GKE Manifest Generation Skill

This skill provides guidelines, tooling integration, and templates to translate natural language descriptions or application code changes into secure, compliant, and cost-effective Kubernetes YAML manifests optimized for both GKE Autopilot and GKE Standard clusters.

Core Rules & Verification

When generating or updating YAML manifests, you must strictly adhere to the following rules:

1. Namespace & Resource Isolation

  • Explicit Namespace: Always declare namespace: <NAMESPACE> explicitly in the metadata of every resource (Deployments, Services, ConfigMaps, Secrets, PVCs, Roles, bindings). Map it to the namespace configured in your active SETTINGS.md. Never omit the namespace.
  • Dedicated ServiceAccount: Avoid using the namespace's default ServiceAccount. Always create and reference a dedicated ServiceAccount (e.g., devteam-agent-sa) for each microservice.

2. GKE Resource Tuning (Autopilot & Standard)

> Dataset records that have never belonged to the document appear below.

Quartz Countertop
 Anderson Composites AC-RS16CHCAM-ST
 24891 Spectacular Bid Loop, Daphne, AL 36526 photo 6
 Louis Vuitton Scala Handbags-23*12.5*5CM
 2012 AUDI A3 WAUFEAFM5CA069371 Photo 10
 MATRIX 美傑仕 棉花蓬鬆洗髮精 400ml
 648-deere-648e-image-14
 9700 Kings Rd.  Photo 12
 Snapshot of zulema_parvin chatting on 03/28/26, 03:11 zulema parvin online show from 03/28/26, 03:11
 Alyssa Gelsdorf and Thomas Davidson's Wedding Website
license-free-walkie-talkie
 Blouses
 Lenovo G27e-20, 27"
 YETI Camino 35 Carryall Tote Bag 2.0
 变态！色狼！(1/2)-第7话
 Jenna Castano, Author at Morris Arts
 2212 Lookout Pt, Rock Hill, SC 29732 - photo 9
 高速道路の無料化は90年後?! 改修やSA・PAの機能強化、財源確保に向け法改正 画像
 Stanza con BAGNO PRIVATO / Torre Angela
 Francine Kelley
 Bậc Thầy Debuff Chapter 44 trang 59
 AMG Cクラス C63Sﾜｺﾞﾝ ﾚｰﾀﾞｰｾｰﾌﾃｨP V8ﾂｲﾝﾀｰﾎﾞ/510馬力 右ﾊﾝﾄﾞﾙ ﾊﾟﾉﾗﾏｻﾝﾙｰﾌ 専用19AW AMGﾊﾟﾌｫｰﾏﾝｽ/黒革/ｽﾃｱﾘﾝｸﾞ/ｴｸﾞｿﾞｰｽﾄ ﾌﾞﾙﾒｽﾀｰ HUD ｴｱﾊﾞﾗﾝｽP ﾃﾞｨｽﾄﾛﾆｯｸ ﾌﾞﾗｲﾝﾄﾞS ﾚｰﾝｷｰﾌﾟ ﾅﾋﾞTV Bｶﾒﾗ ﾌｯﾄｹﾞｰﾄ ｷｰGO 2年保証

  • Resources Requests & Limits: Always specify CPU and Memory requests and limits for all containers.
    • GKE Autopilot: Requests determine pod billing directly; requests and limits must be equal. If they differ, Autopilot will automatically scale requests up to match limits, which can significantly increase costs.
    • GKE Standard: Requests ensure stable scheduling and bin-packing; limits prevent resource starvation/noisy-neighbor issues.
  • Density Defaults: For stateless apps or sidecars on GKE Standard, default to conservative requests (e.g., requests.cpu: "100m" or "200m", requests.memory: "256Mi" or "512Mi") with burstable limits. Use a reasonable overcommit ratio for limits (e.g., 2x to 4x requests, like limits.cpu: "400m" to "800m", and limits.memory: "512Mi" to "1Gi"). Avoid excessive overcommit limits (like limits.cpu: "4" for a 100m request) to prevent severe CPU throttling and latency degradation under heavy scheduling load, particularly in environments without guaranteed node shares.
  • Spot VMs for Staging/Dev: For non-production workloads (e.g., namespaces containing -test, -dev, or -staging), or if the user requests cost optimization, automatically target GKE Spot VMs. This requires injecting both the nodeSelector targeting Spot VMs AND the corresponding toleration to tolerate the Spot VM taint:
    nodeSelector:
      cloud.google.com/gke-spot: "true"
    tolerations:
      - key: "cloud.google.com/gke-spot"
        operator: "Equal"
        value: "true"
        effect: "NoSchedule"
    
    (On GKE Standard, this assumes a Spot node pool is configured).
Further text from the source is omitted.